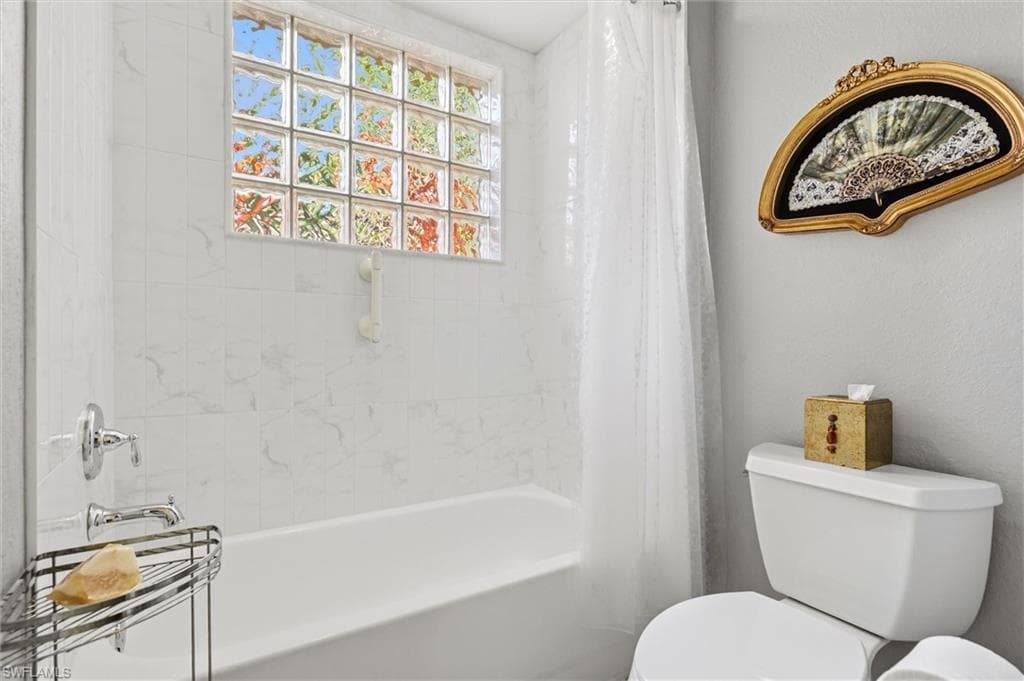 3033 Olde Cove WAY, NAPLES FL 34119-32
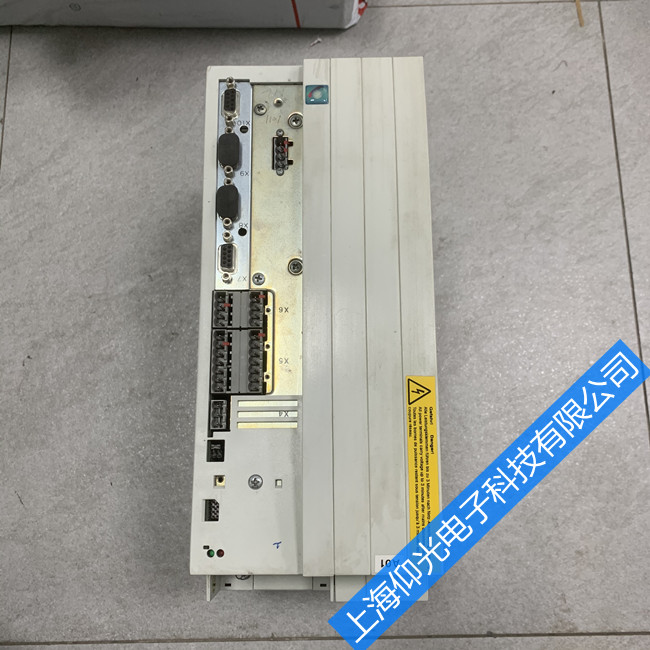 倫茨伺服驅動器EVS9323-EK D-31855報Oc1011短路跳閘維修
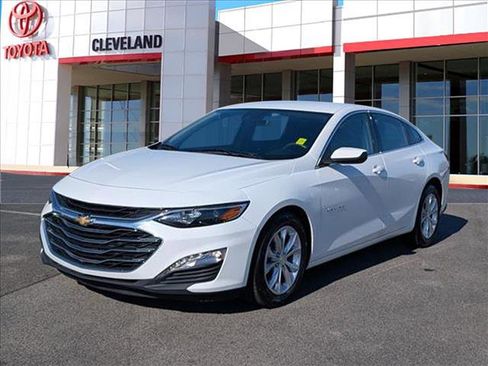 Used 2024 Chevrolet Malibu LT image 4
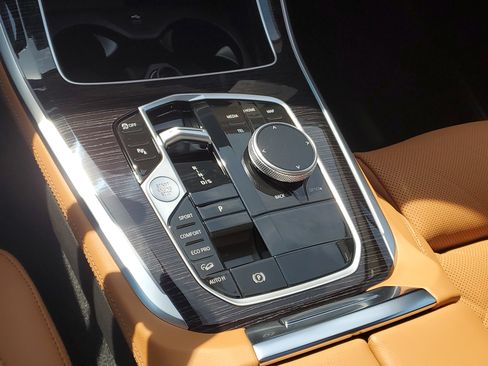 New 2026 BMW X5 xDrive40i w/ M Sport Package AWD/4WD image 20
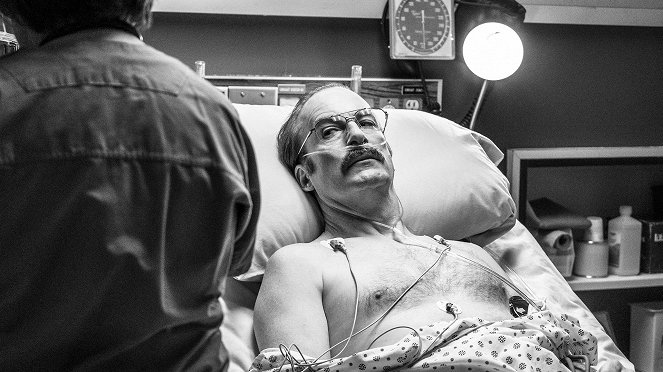 Better Call Saul - Season 4 - Smoke - Photos - Bob Odenkirk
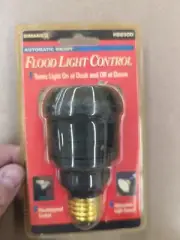 DIMANGO FLOOD LIGHT CONTROL DUSK TO DAWN HS250D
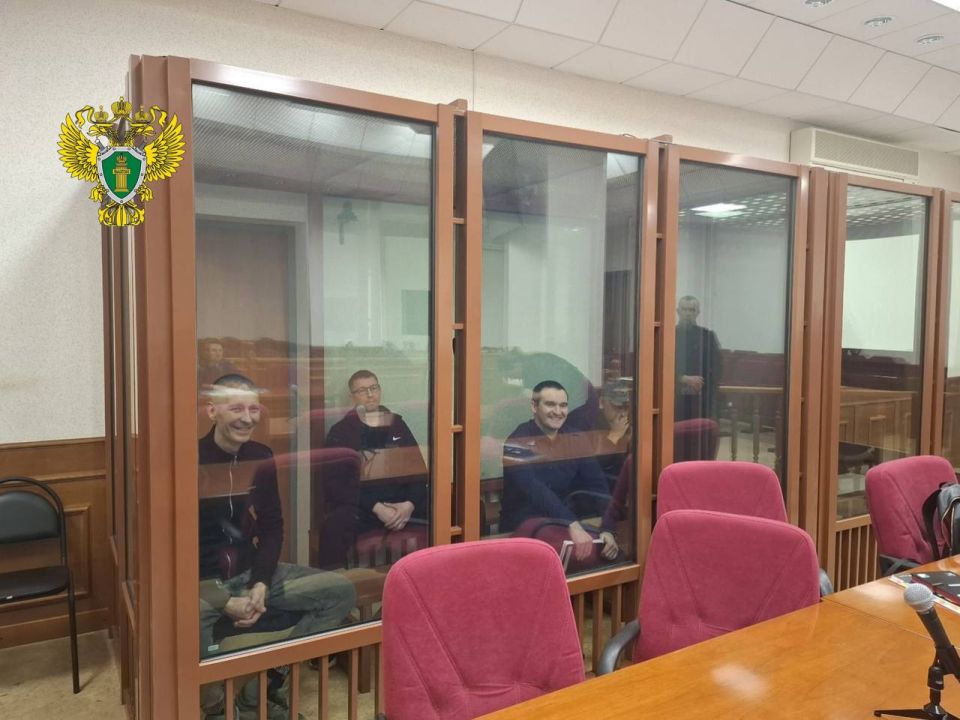 В Екатеринбурге на основании вердикта присяжных заседателей осуждены участники банды по уголовному делу о похищении человека, хищении цифровой валюты в сумме, эквивалентной свыше 5 млн рублей, и других преступлениях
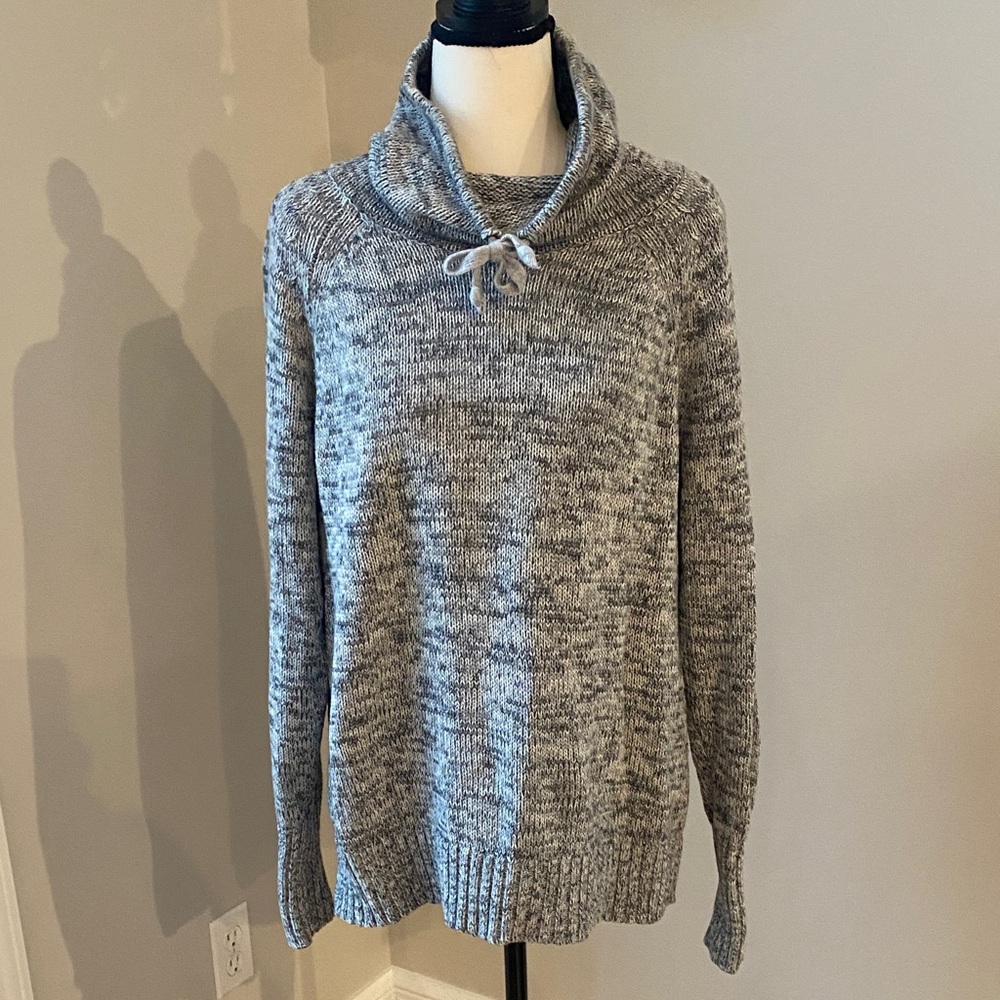 Athleta cowl neck 100% merino extra fine wool sweater marled grey large
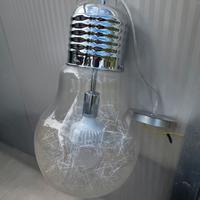 Lampadario a forma di lampadina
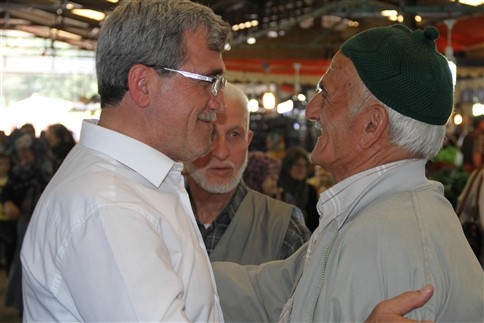 Başkan Akcan Ve Recep Uncuoğlu’ndan Akyazı Kapalı Pazar Yerinde Esnaf Ve Vatandaş Ziyareti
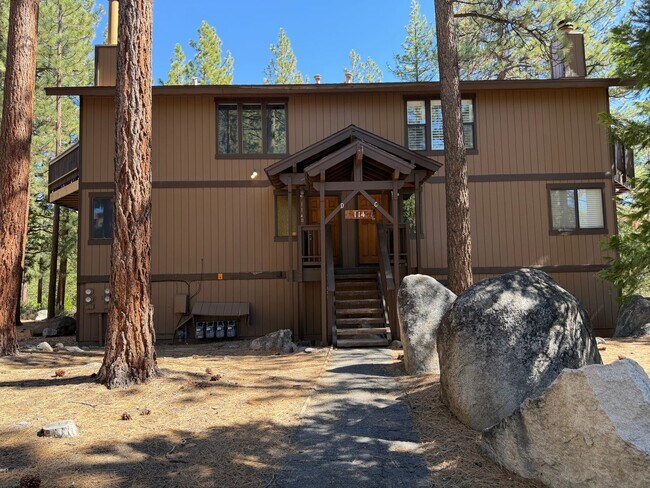 Building Photo - 2 Bed + Huge Bonus Room -  new flooring, paint and kitchen!   Lake Village Condo w/Forest Views
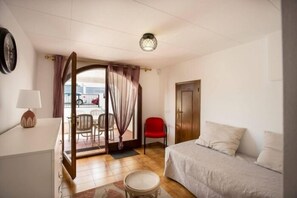 3 chambres, accĂšs Internet, draps fournis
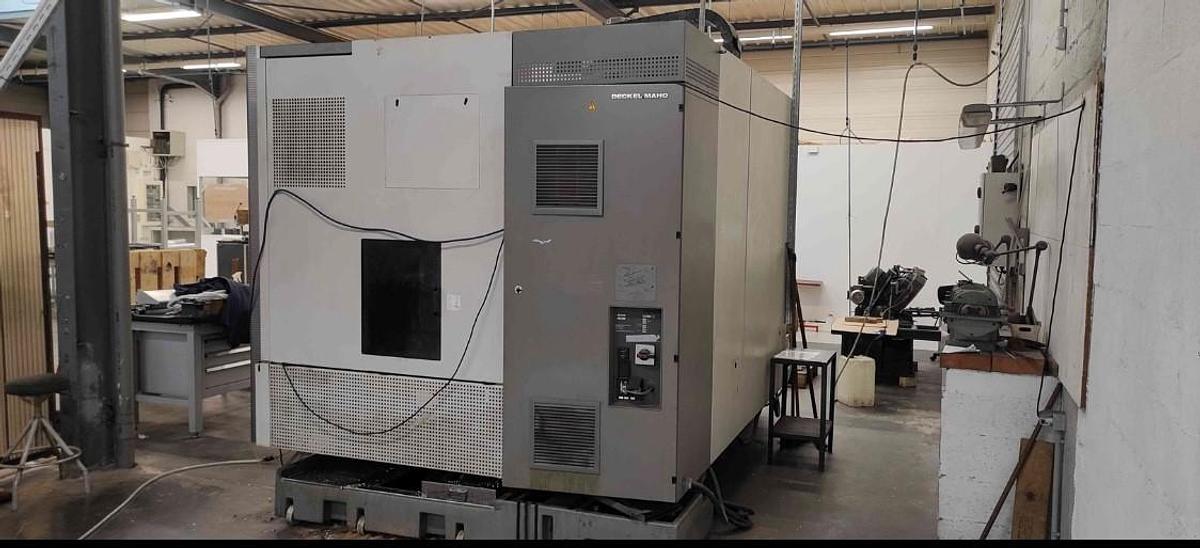 D'occasion 2003 DECKEL MAHO DMG DMC 64 V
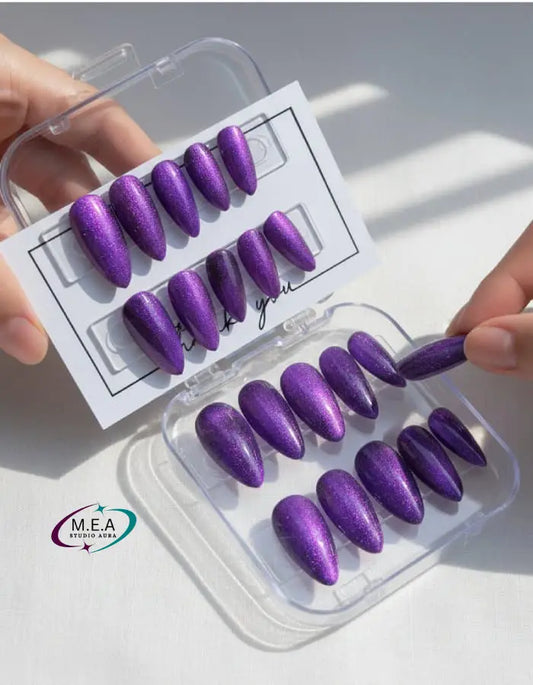 Mystère Violet – Press-on nails Cat Eye élégants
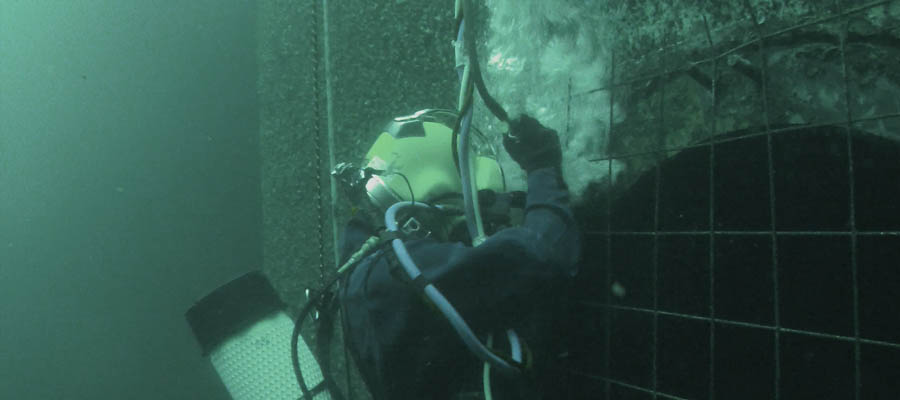 dam owners diver vs rov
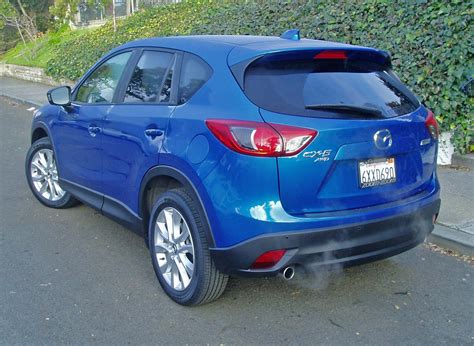 Sebuah pernyataan yang unik dalam seni membangun. Test Driving the new 2013 Mazda CX-5 | Our Auto Expert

· · · ·

• TASK: Look above for the line with "DIMANGO FLOOD LIGHT", then print it and each line after it down to and including the line with "Başkan Akcan Ve". Leave out the pictures and keep the wording exact.

• ANSWER TO THE EXERCISE:
 DIMANGO FLOOD LIGHT CONTROL DUSK TO DAWN HS250D
 В Екатеринбурге на основании вердикта присяжных заседателей осуждены участники банды по уголовному делу о похищении человека, хищении цифровой валюты в сумме, эквивалентной свыше 5 млн рублей, и других преступлениях
 Athleta cowl neck 100% merino extra fine wool sweater marled grey large
 Lampadario a forma di lampadina
 Başkan Akcan Ve Recep Uncuoğlu’ndan Akyazı Kapalı Pazar Yerinde Esnaf Ve Vatandaş Ziyareti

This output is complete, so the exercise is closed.